Esta semana faz 40 anos que foram lançadas as sondas espaciais Voyager, as naves mais incríveis de sempre, o expoente máximo do engenho e do romantismo. Com elas, o bater do nosso coração forte, a nossa música, as nossas vozes viajam no espaço. A última fotografia que a Voyager tirou foi a do pálido ponto azul – o ponto azul onde tudo acontece, onde viveram todas as pessoas que existiram, que amaram, que olharam para o céu com espanto. Foi no dia dos namorados, em 1990.
Quando a Terra desaparecer, as Voyager vão continuar a sua viagem. Ontem, 25 de agosto, fez 5 anos que uma delas deixou o sistema solar – um pequeno silêncio seguido de um assobio, a sonda a dizer-nos que está fora da bolha onde sopram os ventos solares.
Hoje ao sair de casa reparei no recorte das árvores no céu azul turquesa e numa nuvem cheia de qualquer coisa que não sei explicar. Ao mesmo tempo, a canção que ouvia, disse: et alors, que restera-t-il de nous? e emocionei-me. Com o céu azul e uma nuvem branca.
Que bom não ter de esperar ser um Palomar para me espantar com o que vejo. Quem me dera ser inteiro como a água, como o mar como está hoje: não uma massa, mas cheio de textura e especificidade a cada instante.

. 26 agosto 2017 .

 

. pl pl pl .

 

Canto o meu corpo sozinho ao sol. É o que isto é, um momento sozinho.
Canto o chão bruto e inexorável do caminho até chegar a casa. Canto o barco para a outra margem, as linhas do comboio. Canto o terreno dos feitiços e a sombra que espera sempre por si, a árvore da salvação, a pedra da rolha. Canto a água da chuva na cisterna e a arruda na última curva. Canto as boas noites, as bocas de lobo, canto o sol que almareia. Canto as figueiras e farrobeiras, canto a água da fonte no garrafão, os limões do Florêncio, o pão dos Madeirinhas.

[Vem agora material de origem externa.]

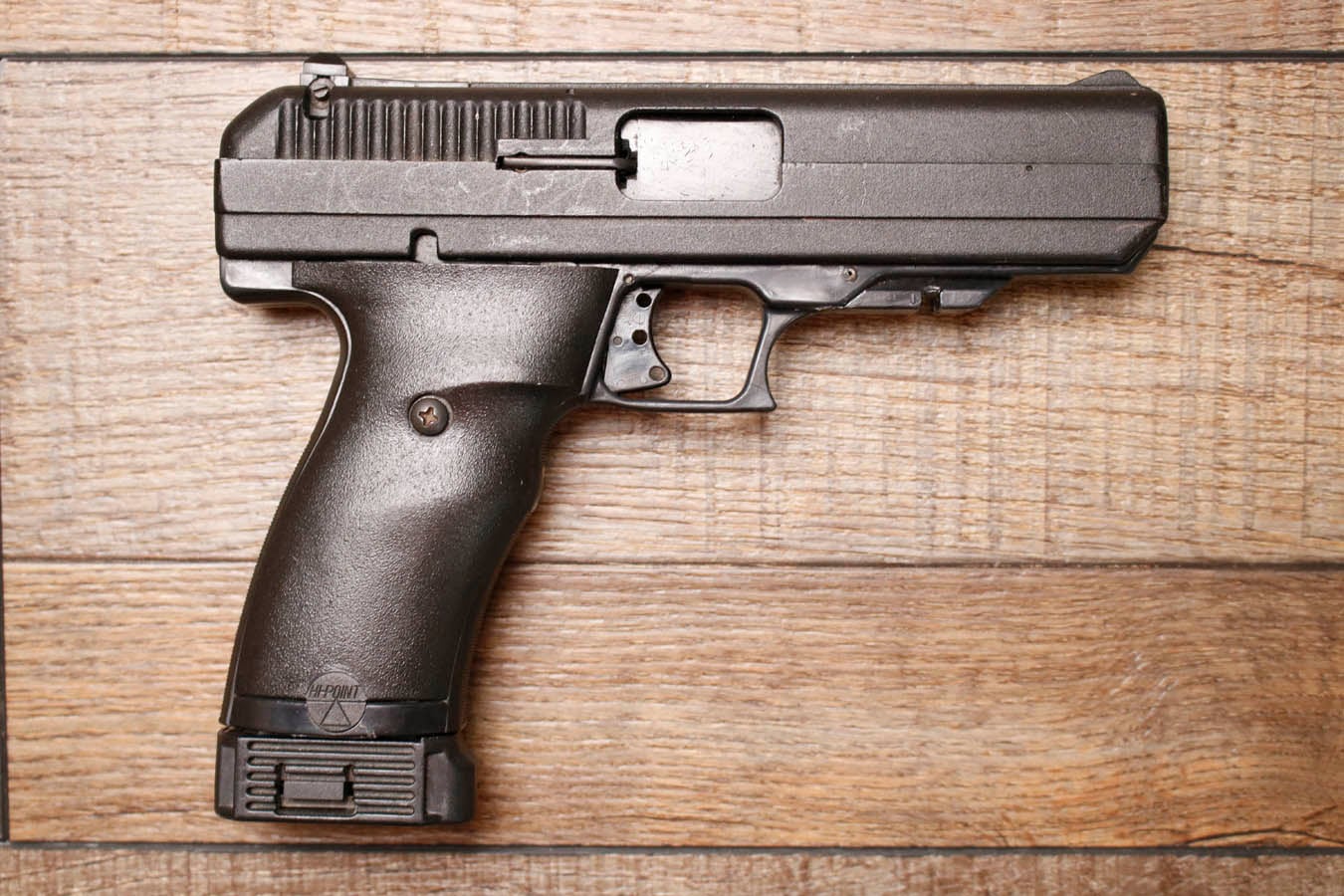 HI POINT JCP 40 S&W Police Trade-In Pistol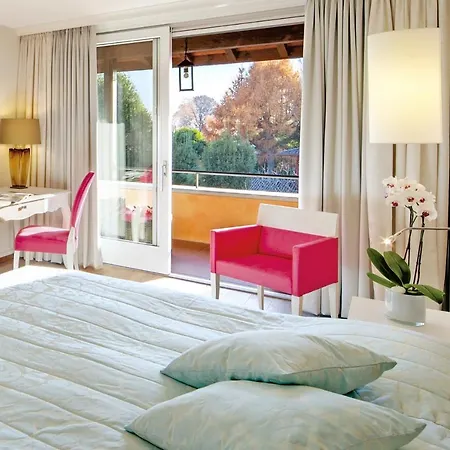 Ξενοδοχείο Giardino 5*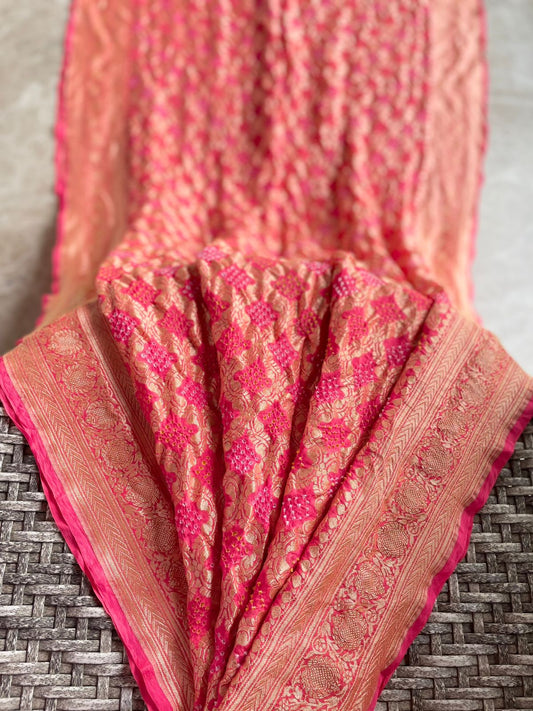 Samaira - Enchanting Saree
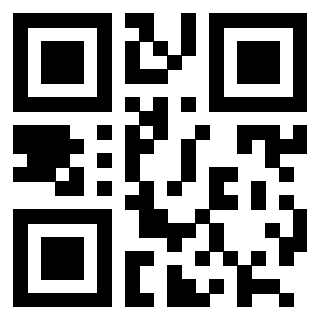 Immagine del Qr Code di 3202492921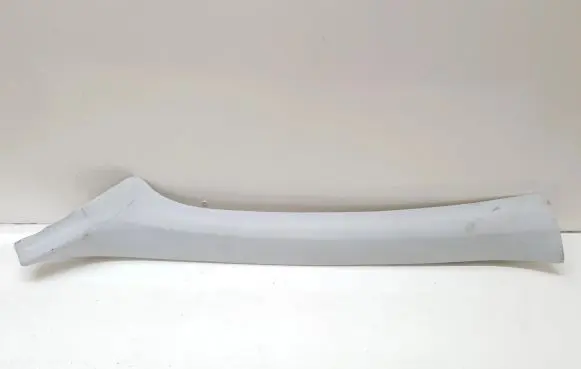 Peugeot 508 (A) pillar trim 9686335477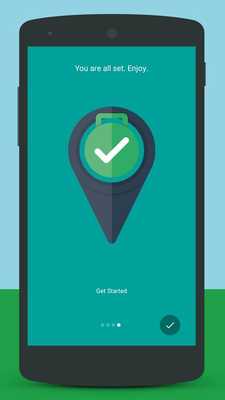 Emulate Android APK ClinicLocator
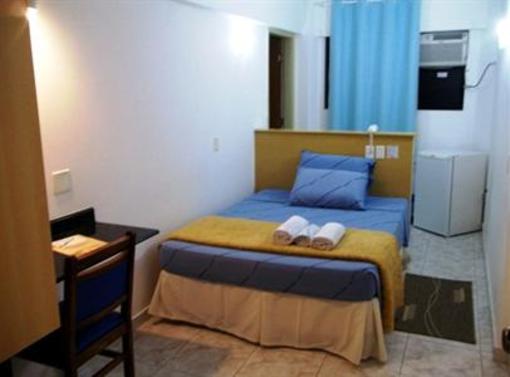 фото отеля Hotel Rota do Sol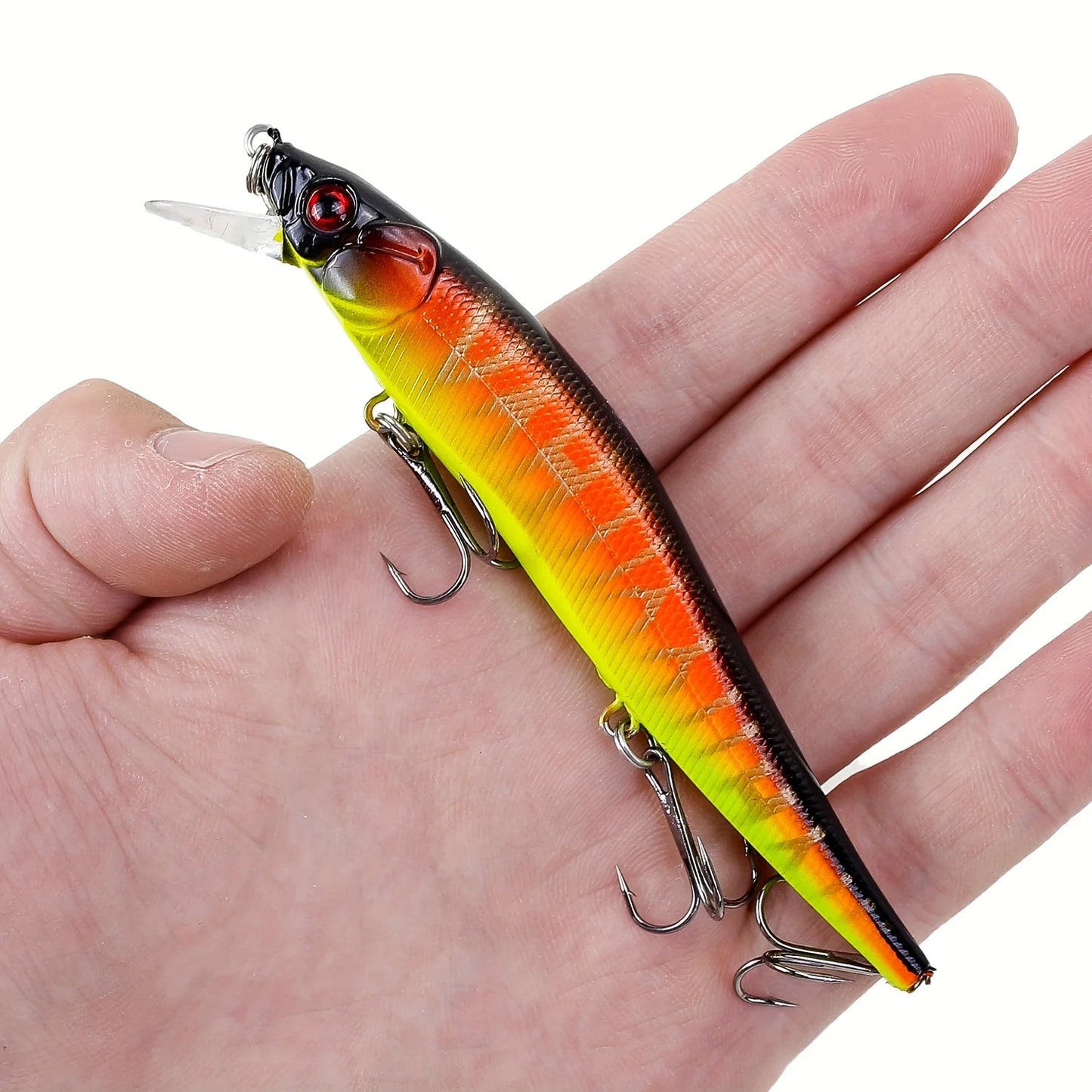 Plastic Simulation Lure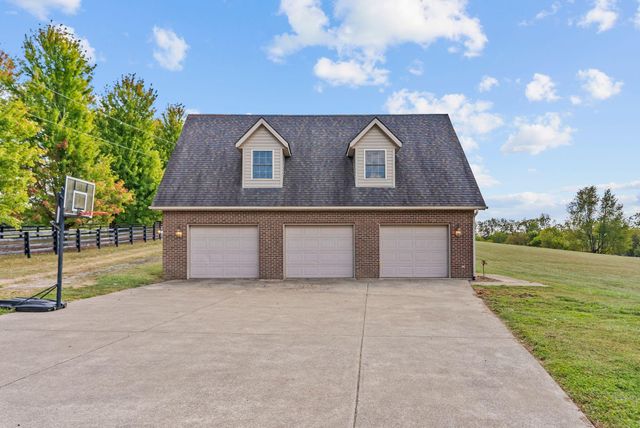 7300 Old Boonesboro Road, Winchester, KY 40391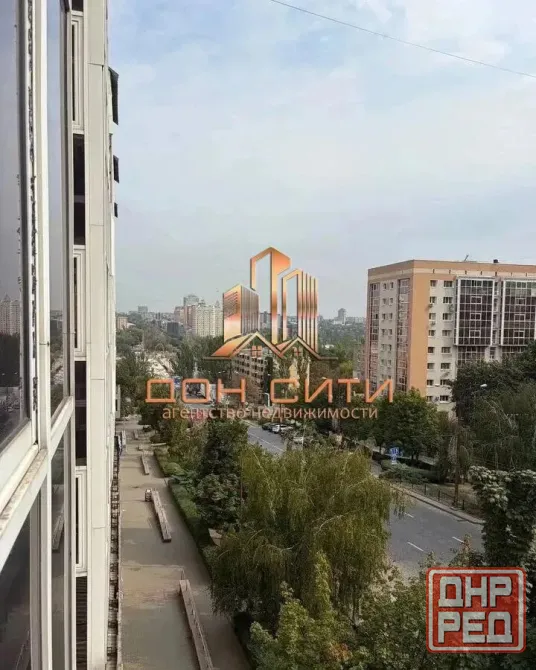 1-комнатная квартира на пл. Ленина пр-кт. Ильича (ориентир пл. Ленина Донецк - изображение 7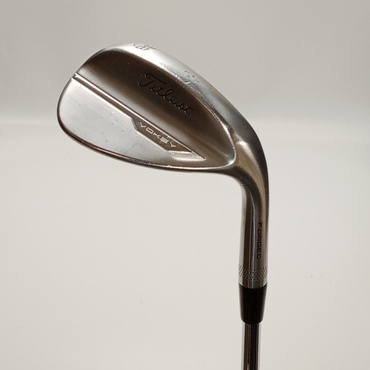VOKEY　FORGED　(2021)　ツアークローム WG 58K°  12°  BV105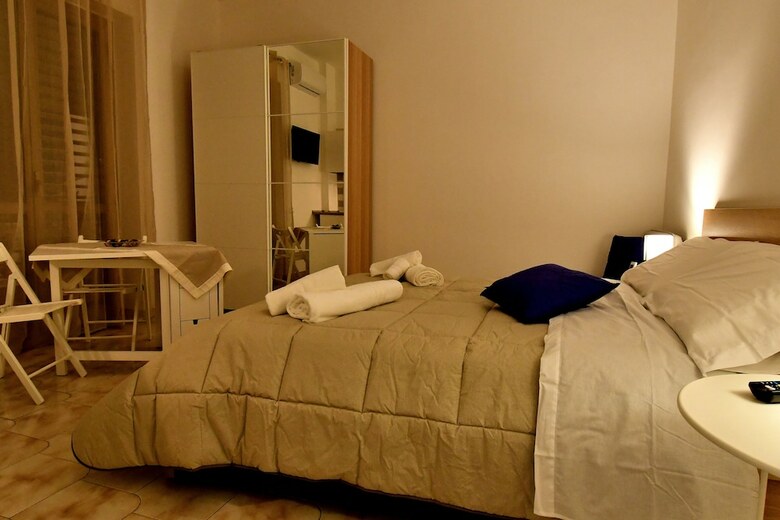 Hotel Villa Costiera Salerno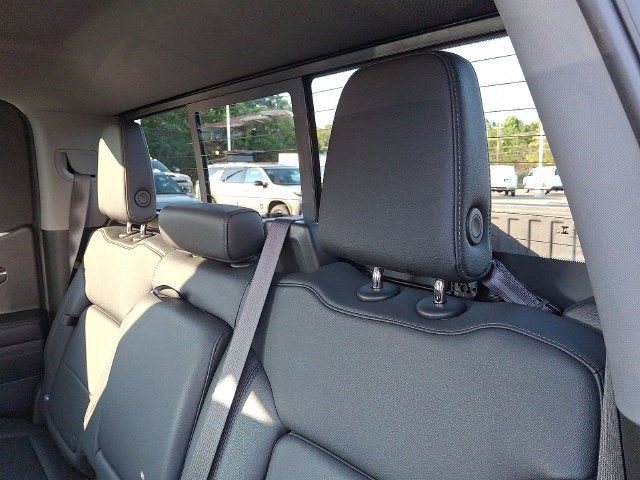 2024 Chevrolet Silverado 1500 RST - Photo 27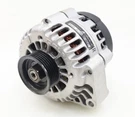Reman Acdelco Alternator Assembly 105 Amp 12V 321-1789 Impala Monte Carlo 00-01. Fixed Price $132.95.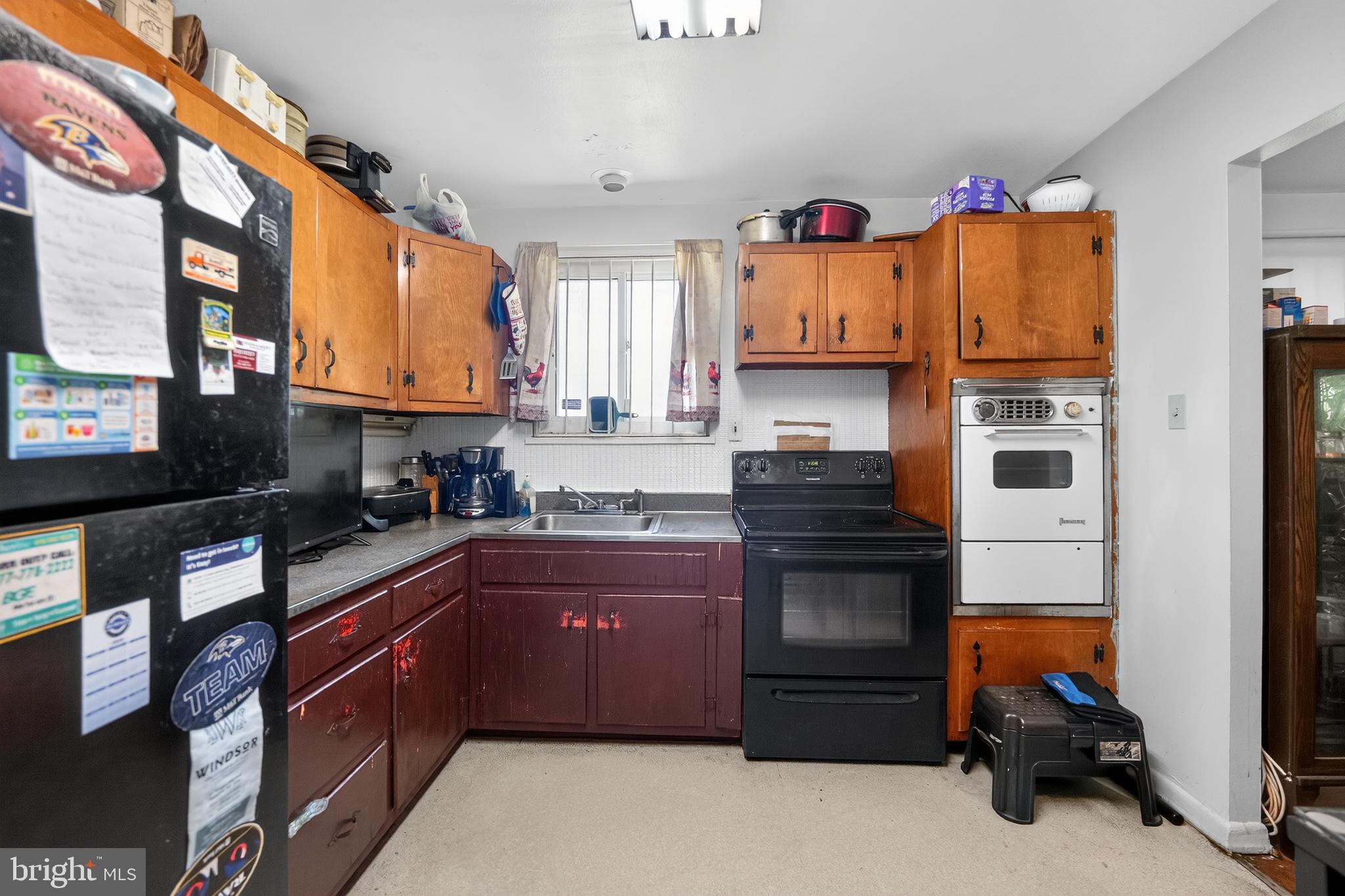 PACEBROOK - Residential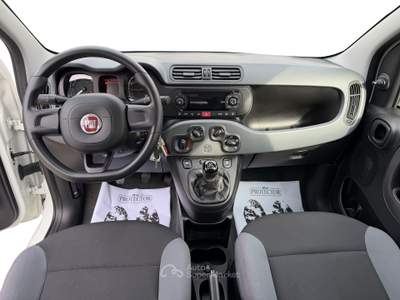 Fiat Panda 1.0 firefly hybrid s&amp;s 70cv usata VALDAGNO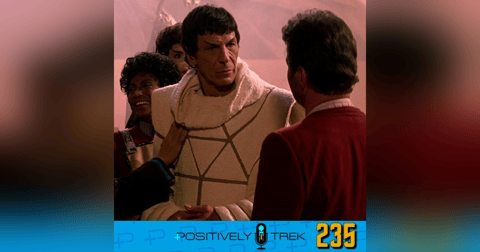 Star Trek’s Many Resurrections Star Trek’s Many Resurrections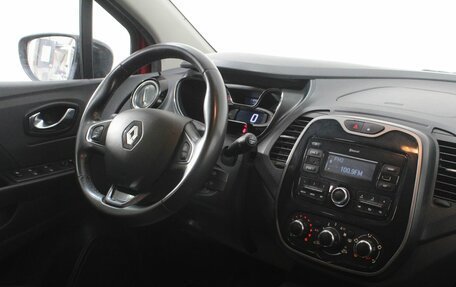 Renault Kaptur I рестайлинг, 2019 год, 1 309 000 рублей, 11 фотография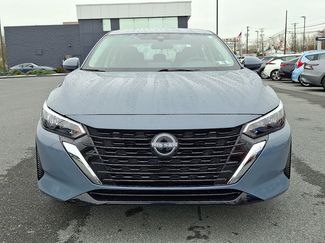 Certified 2024 Nissan Sentra SV w/ All-Weather Package video 2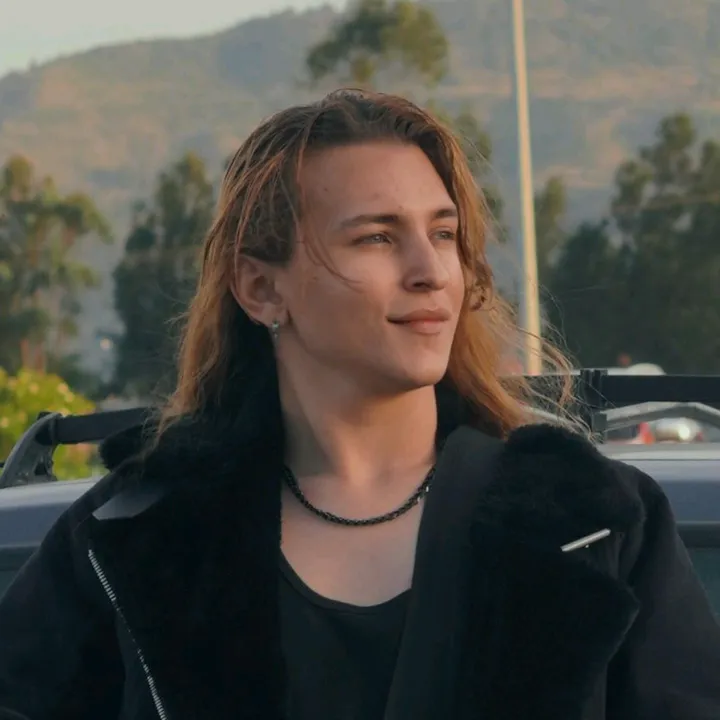 Ángel Rockstar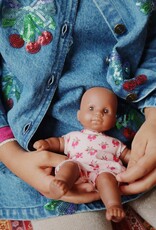 Konges Sløjd KONGES SLØJD MAGOT SEQUIN JACKET - MARENA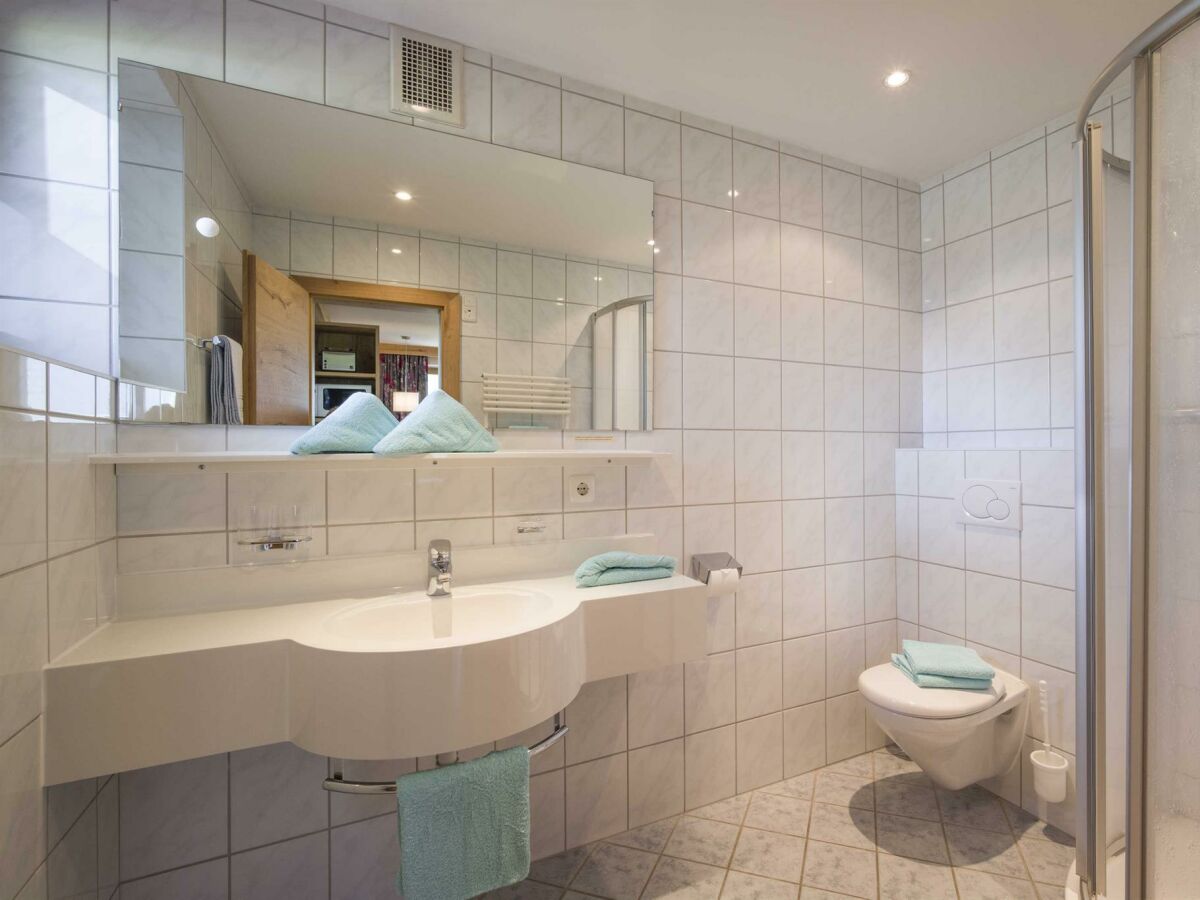 Apartment 1-Zimmer-Appartement für bis zu 3 Personen - Features photo 5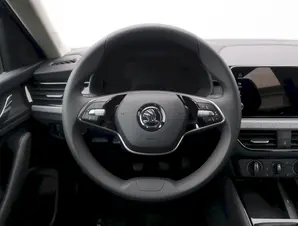 Škoda Kamiq Selection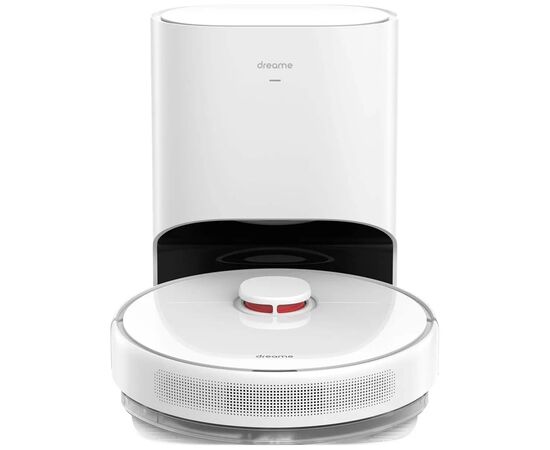  Робот-пылесос Dreame Bot Robot Vacuum and Mop D10 Plus RLS3D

Canto as pinhas da venda da Olímpia, canto o miso e o mingau. Canto as horas todas, canto uma história, canto o inverno e o verão. Danço o nosso ontem, levo tudo à frente, urgente. Danço para não me esquecer da vontade de ter vontade, urgente.

♦  E se bem te lembras quando andávamos os dois a deambular por aí sem procurar nada, tantas coisas nos aconteciam e tudo corria como um rio   ♦

Agora fica tudo mais quieto, o silêncio. Fica o som dos meus pés no chão da cozinha, a ladainha do pequeno almoço enquanto mastigo, o zumbido agudo e sempre presente nos ouvidos, o silêncio. Apenas a quietude imensa, surda, uma imobilidade generosa e febril, sem distração. Esta cartografia tem um vazio, todo ele presença irascível, anarca-genética e inteira. Uma força imensa, destravada, incondicional e sem critério – como uma fé. Que seria de mim sem a parte que vem dela, neste momento onde tudo cabe, que tudo consome e nunca se esgota – nesta pena resoluta, nesta singularidade absoluta.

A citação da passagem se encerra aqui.